William understands the longing and the anxiety over receiving mail.
And I truly enjoyed his style of using a generic blank postcard to write back when only a few descriptive words and abbreviated sentences are necessary. If only there were more individuals in the world with a true free will, like William.
He is unique, and certainly whole.
A Course in Miracles further states, “And it is only arrogance that would deny the power of your will.”
Feeling alone and depressed
Of course he was aware of my vulnerable condition to feeling alone and depressed, and his reply indicated that he had spoken to his sister over the telephone just a few days prior to the worldwide mindfulness meditation session for world peace.
In previous articles of this series of events, I told you about Nakita, the woman from Croatia, who mysteriously began writing me in an Ohio prison, giving me a break we may say, from feeling lonely and sad, and I’ve linked the articles together if you’re perhaps interested in this amazing story.
Anyway, the story goes, I mailed an invitation to William, he wasn’t interested, but he mailed it to his sister out west, thinking it most likely was her type of thing.
She told him that her card-playing Bridge Club group had a game scheduled for the same night, and that the entire club of women were “spiritual seekers” or at least “curiosity seekers,” and that on December 22, 2010, the Bridge Club would stop their card playing for a few moments and spend time together by participating in the ten-minute session.

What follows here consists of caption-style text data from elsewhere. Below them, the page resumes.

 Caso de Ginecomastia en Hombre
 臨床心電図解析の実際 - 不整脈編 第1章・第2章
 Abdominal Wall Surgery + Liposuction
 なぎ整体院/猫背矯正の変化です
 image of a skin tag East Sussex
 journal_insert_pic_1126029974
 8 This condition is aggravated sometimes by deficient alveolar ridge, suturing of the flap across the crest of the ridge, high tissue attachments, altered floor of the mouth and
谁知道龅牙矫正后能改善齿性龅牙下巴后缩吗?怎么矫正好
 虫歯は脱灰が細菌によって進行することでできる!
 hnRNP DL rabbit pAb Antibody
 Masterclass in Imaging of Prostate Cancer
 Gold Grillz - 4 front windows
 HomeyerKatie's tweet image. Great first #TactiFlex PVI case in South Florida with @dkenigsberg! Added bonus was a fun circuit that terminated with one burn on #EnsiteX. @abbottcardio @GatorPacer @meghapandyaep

She was also aware that William had obtained the flyer from his friend in prison—me. This made it more interesting when informing the other women in the bridge club of this poor prisoner feeling lonely and sad.
Now I was lit up
William’s sister said she had made a photocopy of the flyer for herself as a memento, and for possible future use, and then mailed the original carbon copy to her friend in another state.
She felt giving her friend the actual carbon copy I’d made from prison, would add “an effect,” being that it was put together in prison by an inmate and a friend of her own brother.
She thought her friend living in another state would appreciate its value.
It appeared her out-of-state friend also had a group get-together, a holiday party of some sort, on that same evening. She supposedly introduced the flyer to the group for their participation at the exact time specified.
William said his sister was thrilled to have a sense of belonging to something good-hearted.
He hadn’t heard more from her on the subject. William is a quiet individual who will simply let his sister inform him when the time is right.
As I placed William’s postcard into my footlocker, still feeling lonely and sad, but rising up, I couldn’t help, but to experience a joyful thrill with a slight chuckle, some happy tears, and continued to smile over this news for the entire night.
The incredible feeling of knowing you’re not alone
At least now I was aware that I was not alone that evening during those ten minutes of the worldwide mindfulness meditation for world peace—a “mind gathering.”
This was enough for me to settle down on the matter and move forward from feeling lonely and sad. But, now, another recurrent thought obsessed me, and was: “I gotta get out of this place.”
Soon another thought seemed to blanket that thought by saying: “You’re okay. You’ll make it. Just keep doing what you’re doing.”